The Seattle Seahawks and Tampa Bay Buccaneers each selected 39 players in an expansion draft held on March 30-31, 1976. The other 26 NFL teams each froze 29 players from its roster. Seattle and Tampa Bay alternated selections from the remaining pool of players. When the first player was chosen from a team, that team then froze two new players. The Buccaneers and Seahawks continued with their selections until three players had been picked from each of the existing teams.
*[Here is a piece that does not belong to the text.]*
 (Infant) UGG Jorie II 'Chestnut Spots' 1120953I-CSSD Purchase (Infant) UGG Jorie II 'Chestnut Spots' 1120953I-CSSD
Thompson recruited and hired Jack Patera, a Minnesota Vikings assistant coach, to be the first head coach of the Seahawks; the hiring was announced on January 3, 1976. The expansion draft was held March 30–31, 1976, with Seattle and the Tampa Bay Buccaneers alternating picks for rounds selecting unprotected players from the other 26 teams in the league. The Seahawks were awarded the 2nd overall pick in the 1976 draft, a pick they used on defensive tackle Steve Niehaus. The team took the field for the first time on August 1, 1976 in a pre-season game against the San Francisco 49ers in the then newly opened Kingdome.
The Seahawks are the only NFL team to switch conferences twice in the post-merger era. The franchise began play in 1976 in the aforementioned NFC West but switched conferences with the Buccaneers after one season and joined the AFC West. This realignment was dictated by the league as part of the 1976 expansion plan, so that both expansion teams could play each other twice and every other NFL franchise once (the ones in their conference at the time) during their first two seasons. The Seahawks won both matchups against the Buccaneers in their first two seasons, the former of which was the Seahawks' first regular season victory.
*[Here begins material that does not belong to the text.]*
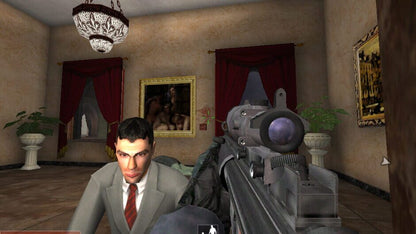 Rainbow Six 3 (Gamecube)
However, before the Seahawks even played their first game, tragedy struck, as the team's owner Lloyd W. Nordstrom died from a heart attack while vacationing in Mexico. Nordstrom had been instrumental in landing an NFL team in the Pacific Northwest, and hiring the front office, but he never had a chance to see his team take the field. The Seahawks, coached by Jack Patera, played their first game on September 12 in a sold-out Kingdome. The Seahawks played a solid game, but had their desperation final pass intercepted in the endzone in a 30–24 loss to the St. Louis Cardinals. The Seahawks would go on to lose their first five games, before beating the Buccaneers, their brothers in expansion, 13–10 in Tampa on October 17. Three weeks later, the Seahawks would earn their first home victory by beating the Atlanta Falcons 30–13 behind the 124-yard effort of running back Sherman Smith. These two wins would be the only ones in the season, as the first-year team compiled a record of 2–12, making them the worst team in the NFC. The only team they were better than was the 0-14 Buccaneers.
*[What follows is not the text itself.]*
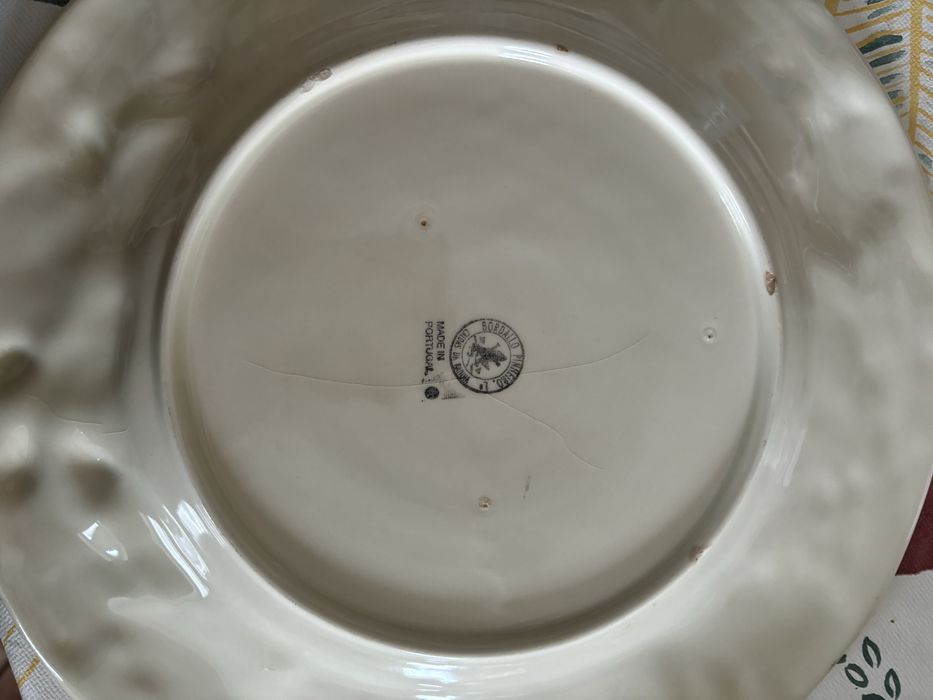 Prato Antigo Bordalo Pinheiro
The strike-shortened 1982 season proved to be a transitional year for all of pro football, but no club fit the transitional description better than the Seahawks. Patera was removed after six-plus years as head coach. Mike McCormack finished the season as interim head coach and then was replaced in 1983 by Chuck Knox, who guided the Seahawks to an 83-67-0 record in nine seasons up through the 1991 campaign.
Knox led the Seahawks to the AFC championship game his first season. Seattle won an AFC West wild-card berth for the first time in its eight-year history and then knocked off Denver and Miami before losing to the Los Angeles Raiders 30-14 in the title game. The team would be competitive the next two years but it took until 2005 for the team to reach its first Super Bowl and in 2013 the team won Super Bowl 48.
The Seattle Seahawks are now one of the most respected franchises in the NFL and in the 21st century the team has compiled one of the best records in the National Football League.